La conférence des présidents a fixé :

- à cinq heures la durée globale du temps dont disposeront, dans la discussion générale, les orateurs des groupes ou ne figurant sur la liste d’aucun groupe ; les inscriptions de parole devront être faites à la division de la séance et du droit parlementaire avant le mardi 17 septembre, à 17 heures ;

- au mardi 17 septembre, à 14 heures, le délai limite pour le dépôt des amendements de séance.

La commission des lois se réunira pour examiner les amendements le mercredi 18 septembre matin.)

Jeudi 19 septembre 2013

À 9 heures 30 :

1°) Suite du projet de loi organique interdisant le cumul de fonctions exécutives locales avec le mandat de député ou de sénateur et du projet de loi interdisant le cumul de fonctions exécutives locales avec le mandat de représentant au Parlement européen

À 15 heures :

2°) Questions d’actualité au Gouvernement

(L’inscription des auteurs de questions devra être effectuée à la division des questions et du contrôle en séance avant 11 heures.)

À 16 heures 15 et le soir :

3°) Suite de l’ordre du jour du matin

Éventuellement, vendredi 20 septembre 2013

À 9 heures 30, à 14 heures 30 et le soir :

- Suite de l’ordre du jour de la veille

Le Sénat suspendra ses travaux en séance plénière :

– du lundi 23 décembre 2013 au dimanche 5 janvier 2014 ;

– du lundi 3 mars au dimanche 6 avril 2014 ;

– du lundi 21 au dimanche 27 avril 2014.

Y a-t-il des observations en ce qui concerne les propositions de la conférence des présidents relatives à la tenue des séances ?...

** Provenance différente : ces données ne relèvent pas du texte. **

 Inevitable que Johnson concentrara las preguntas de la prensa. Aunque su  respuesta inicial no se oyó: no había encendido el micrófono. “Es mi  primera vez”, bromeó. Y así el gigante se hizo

Ces propositions sont adoptées.

4

Demande d’avis sur un projet de nomination

Mme la présidente. Conformément aux dispositions de la loi organique n° 2010-837 et de la loi n° 2010-838 du 23 juillet 2010 relatives à l’application du cinquième alinéa de l’article 13 de la Constitution et pour l’application de l’article 10 de la loi n° 83-675 du 26 juillet 1983 relative à la démocratisation du secteur public, M. le Premier ministre, par lettre en date du 6 septembre 2013, a demandé à M. le président du Sénat de lui faire connaître l’avis de la commission du Sénat compétente sur le projet de nomination de M. Philippe Wahl à la présidence du conseil d’administration de La Poste.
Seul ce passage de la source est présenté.